「みらプロ」の成果を報告 プログラミング必修化で普及

来年度から始まる小学校でのプログラミング教育必修化を前に、「未来の学び プログラミング教育推進月間」(通称みらプロ)の取り組み成果に関する記者発表会が2月18日、文科省で開かれた。文科省、総務省、経産省による「未来の学びコンソーシアム」のウェブサイトで指導案などの授業コンテンツを公開するとともに、「小学校プログラミング教育の手引」第3版に実践例を掲載するなどし、学校現場に普及を図る。来年度の「みらプロ2020」も同日から募集を開始した。

「みらプロ2020」で新たに協力する企業の関係者と、文科省の中川哲プログラミング教育戦略マネージャー(右から2人目)

小学校のプログラミング教育の機運を醸成する目的で今年度から始まった「みらプロ」は、企業と連携して、「総合的な学習の時間」などでプログラミングを学びながら身近な社会の問題解決につなげる授業コンテンツを開発。会社訪問や企業が配信する動画教材を活用するなどして、小学校でのプログラミング教育の実践につなげた。

この日の記者会見では、佐川急便と連携して宅配便の仕組みを学んだ東京都足立区立大谷田小学校の取り組みを、同区教委の西野厚指導主事が報告。小学5年生の児童が、社会科の「運輸」の単元と合わせ、「総合」の時間でプログラミングを学んだり、実際に配送センターに行き、荷物が仕分けされるプログラムを観察したりしながら、実際に荷物が配送されていくシステムをプログラミングで再現した。

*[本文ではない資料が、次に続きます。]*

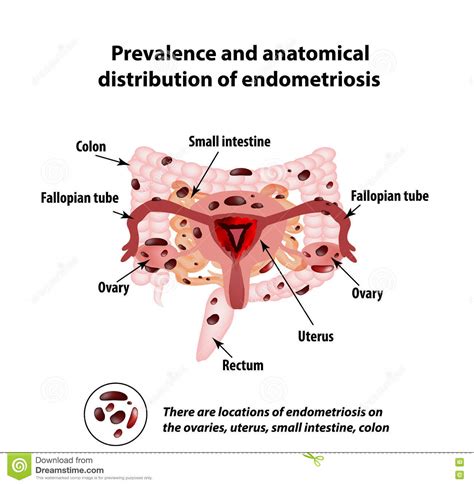 In addition to medical approaches, you may find some relief of symptoms and stress of endometrioma by adjusting certain aspects of your lifestyle, such as: Endometriosi L'aspetto Dell'endometriosi Di Malattia Endometrio Colon Piccolo Intestino ...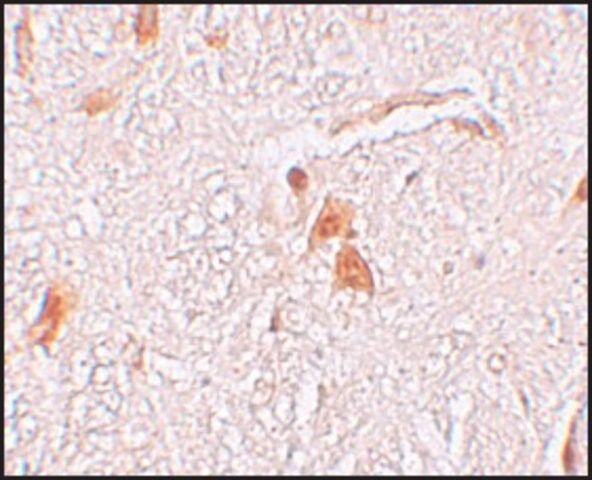 Anti-SHISA9 antibody produced in rabbit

西野指導主事は「プログラミングをしながら、社会科の狙いもしっかり定着した。子供も教員も楽しみながら取り組んでいたのが印象的だった。プログラミング教育が必修化されるが、教育委員会として、プログラミング教育の定着に向けた支援をしていきたい」と成果を振り返った。

これらの成果を踏まえ、2月18日に公開された「小学校プログラミング教育の手引」第3版では、「総合」でのプログラミング教育の実践例を拡充し、「みらプロ」での実践事例を反映させた。

プログラミング教育の必修化を迎える2020年度も「みらプロ」は継続。19年度は9月を推進月間と位置付けていたが、必修化に伴い通年で取り組むこととし、協力企業も新たにデジタルサイネージの制作で知られる「しくみデザイン」と、ゲームの「ポケットモンスター」のプロデュースなどを行う「ポケモン」の2社が加わる。

「しくみデザイン」代表取締役の中村俊介さんは「文字を使わない『Springin(スプリンギン)』というプログラミングツールを開発した。子供たちにはスプリンギンを使いながらみんなでデジタルサイネージを作り、さらに人に使ってもらうまでの全てを体験してもらいたいと考えている」と意気込んだ。

「みらプロ2020」への応募は「未来の学びコンソーシアム」のウェブサイトで受け付けている。